The new National Earthquake loss reduction Program (NEP) is designed to strengthen and extend NEHRP*. The NEP aims to focus scarce research and development dollars on the most effective means for saving lives and property and limiting the social disruptions from earthquakes, coordinate federal earthquake mitigation research and development and emergency planning in a number of additional agencies beyond those in NEHRP to avoid duplication and ensure focus on priority goals, and cooperate with the private sector and with state and local jurisdictions to apply effective mitigation strategies and measures. Its goals are:
Provide leadership and coordination for federal earthquake research;
Improve knowledge of earthquake processes and effects;
Continue to expand technology transfer and outreach;
Improve engineering of the built environment;
Improve data for construction standards and codes;
Continue the development of seismic hazards and risk assessment tools;
Analyze seismic hazard mitigation incentives;
Develop understanding of societal impacts and responses related to earthquake hazard mitigation;
Analyze the medical and public health consequences of earthquakes; and
Continue documentation of earthquakes and their effects.

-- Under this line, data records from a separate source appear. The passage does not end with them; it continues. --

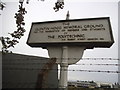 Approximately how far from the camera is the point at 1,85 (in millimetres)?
9211

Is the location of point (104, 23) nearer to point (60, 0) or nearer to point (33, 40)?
point (33, 40)

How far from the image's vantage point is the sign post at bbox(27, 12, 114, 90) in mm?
7453

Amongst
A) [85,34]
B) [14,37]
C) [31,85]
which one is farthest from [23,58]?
[14,37]

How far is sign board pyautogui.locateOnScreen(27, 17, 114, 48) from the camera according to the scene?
741cm

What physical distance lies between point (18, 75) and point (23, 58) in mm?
746

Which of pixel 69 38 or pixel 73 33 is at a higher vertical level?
pixel 73 33

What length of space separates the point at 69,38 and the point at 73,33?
219 millimetres

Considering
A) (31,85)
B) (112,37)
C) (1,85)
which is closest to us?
Answer: (112,37)

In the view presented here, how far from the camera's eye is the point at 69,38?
7.79 m

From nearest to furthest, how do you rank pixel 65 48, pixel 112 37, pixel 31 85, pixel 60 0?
pixel 60 0, pixel 112 37, pixel 65 48, pixel 31 85

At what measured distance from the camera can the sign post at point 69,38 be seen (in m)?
7.45

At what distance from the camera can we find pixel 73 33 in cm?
780

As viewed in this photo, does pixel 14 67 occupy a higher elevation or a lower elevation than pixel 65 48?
lower

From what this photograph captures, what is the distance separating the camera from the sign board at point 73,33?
24.3ft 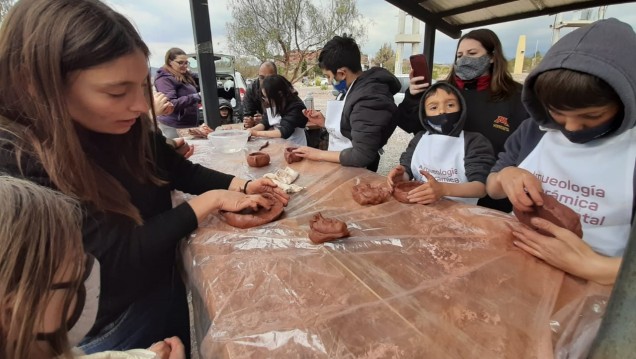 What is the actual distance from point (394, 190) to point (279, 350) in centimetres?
98

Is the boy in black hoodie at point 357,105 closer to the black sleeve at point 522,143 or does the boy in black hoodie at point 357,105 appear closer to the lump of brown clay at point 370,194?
the lump of brown clay at point 370,194

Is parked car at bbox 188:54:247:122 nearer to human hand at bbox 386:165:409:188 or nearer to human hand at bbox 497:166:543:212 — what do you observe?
human hand at bbox 386:165:409:188

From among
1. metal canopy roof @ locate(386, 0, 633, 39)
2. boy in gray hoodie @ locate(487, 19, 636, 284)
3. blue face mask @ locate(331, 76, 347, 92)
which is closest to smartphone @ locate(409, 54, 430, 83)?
blue face mask @ locate(331, 76, 347, 92)

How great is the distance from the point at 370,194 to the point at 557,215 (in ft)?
2.19

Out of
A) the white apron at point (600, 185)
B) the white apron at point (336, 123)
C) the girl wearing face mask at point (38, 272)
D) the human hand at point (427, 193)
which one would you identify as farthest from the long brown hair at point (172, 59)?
the white apron at point (600, 185)

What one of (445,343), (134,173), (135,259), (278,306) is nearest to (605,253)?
(445,343)

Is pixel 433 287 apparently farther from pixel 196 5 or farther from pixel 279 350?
pixel 196 5

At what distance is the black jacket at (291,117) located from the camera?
137 inches

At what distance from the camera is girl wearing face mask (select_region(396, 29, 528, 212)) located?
1963 millimetres

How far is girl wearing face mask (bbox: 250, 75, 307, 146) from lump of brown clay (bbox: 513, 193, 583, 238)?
2687 mm

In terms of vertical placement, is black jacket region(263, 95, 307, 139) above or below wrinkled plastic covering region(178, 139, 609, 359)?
above

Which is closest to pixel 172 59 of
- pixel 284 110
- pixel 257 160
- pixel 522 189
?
pixel 284 110

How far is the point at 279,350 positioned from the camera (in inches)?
26.9

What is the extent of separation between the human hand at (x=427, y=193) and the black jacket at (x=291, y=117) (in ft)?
7.35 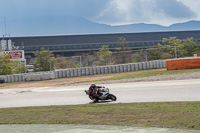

Leadership and coordination of the NEP will be conducted by the Federal Emergency Management Agency (FEMA). Coordination through FEMA will ensure both increased attention to transfer of research results to the user community and that the research remains focused on goals that can aid mitigation and save lives and property. The NEP is budget neutral. No redirection of budgetary authority between Federal agencies is implied or intended. The non-Federal implementation of earthquake loss mitigation practices is not a direct fiscal responsibility of the NEP. However, because most mitigation decisions are made at the state or local levels of government, or in the private sector, the ultimate success of the NEP largely depends on its effectiveness in stimulating the actions of these groups to mitigate earthquake risks.
*The program was designed under the direction of the Office of Science and Technology Policy (OSTP) by the National Earthquake Strategy Working Group (NESW) which included representatives of over twenty federal agencies that have a program interest in earthquake loss reduction. Recognizing that implementation of earthquake loss mitigation occurs primarily at the state and local level, the NESW held a national forum with engineers, scientists, architects, building officials, social scientists, and emergency managers from state and local government, academia, and the private sector to gain their views, concerns, and recommendations which are reflected in this report.